Non-strict functions use a separate Environment Record for top-level lexical declarations so that a direct eval can determine whether any var scoped declarations introduced by the eval code conflict with pre-existing top-level lexically scoped declarations. This is not needed for strict functions because a strict direct eval always places all declarations into a new Environment Record.
I'm not sure I understand why a separate lexical environment (LE) is needed to determine if this top-level-let / eval-var conflict exists. Why can't we keep the caller function's LE and variable environment (VE) the same and then when it comes time to perform the eval call, use varEnv.HasLexicalDeclaration(name) (as in step 3.a.i.1 of EvalDeclarationInstantiation) to resolve any conflict instead of the loop in step 3.d?
Thanks @bakkot, is there a reason why a similar method isn't available for declarative environment records?
I had read in the ES5 spec that when an execution context is created, both its LE and VE point to the same environment record (as in step 31 of ES2021). So I didn't quite understand why a non-strict function's LE must be put in front of its VE in the scope chain in order to be able to resolve top-level-let / eval-var conflicts. Is it simply because declarative environment records don't have a method like HasLexicalDeclaration to be able to differentiate between var and let declarations?
It wouldn't really make sense given how they're structured. Global environment records are actually a wrapper holding two other environment records, whereas regular environment records hold bindings directly and do not differentiate among the different kind of binding they hold. global.HasLexicalDeclaration works by querying the one of the two associated records which holds lexical bindings.
In other words, the only reason HasLexicalDeclaration can exist on global records is by having two environment records, and that's what's happening here as well. It's just tracked in a different way, by having two environment records directly associated with a function context, rather than (as with global environment records) having a single environment record which wraps two records.
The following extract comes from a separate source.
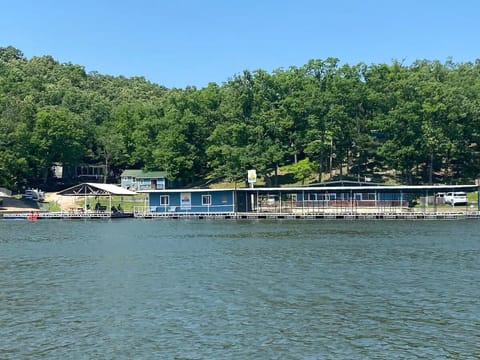 Niangua Hills Resort- the BEST place at the Lake for a family/friends or couples vacation!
So I didn't quite understand why a non-strict function's LE must be put in front of its VE in the scope chain in order to be able to resolve top-level-let / eval-var conflicts.
It's not specifically in order to be able to resolve top-level-let / eval-var conflicts; it's just how environment records work in general: every environment record must have an outer record (except the global environment record at the top of the chain).
When resolving a binding you first look in the current LexicalEnvironment, and then in its [[OuterEnv]], and then in its [[OuterEnv]], and so on until you reach the top of the chain. So the new lexical environment needs to have the function's variable environment as its outer context to ensure that lookups go through the variable environment.
I see, since program-level var declarations are added to the object portion of the global environment record while program-level let declarations are added to the declarative portion, HasLexicalBinding can identify the latter by just searching the declarative record.
Yes, what I meant was that in the case of non-strict functions, the reason for the divergence between the LE and VE at the context creation phase is to allow us to keep track of top-level lexically scoped declarations and prevent an eval call from hoisting like-named var declarations in the context execution phase.
Prior to this I had incorrectly assumed that the VE and LE could only diverge during the execution phase based on the ES5 description:
The value of the VariableEnvironment component never changes while the value of the LexicalEnvironment component may change during execution of code within an execution context.
That may have been true in ES5 but only because let and const didn't exist back then. Whereas with their introduction in ES6, the value of the LE may change during the context creation phase as well - is this the correct interpretation?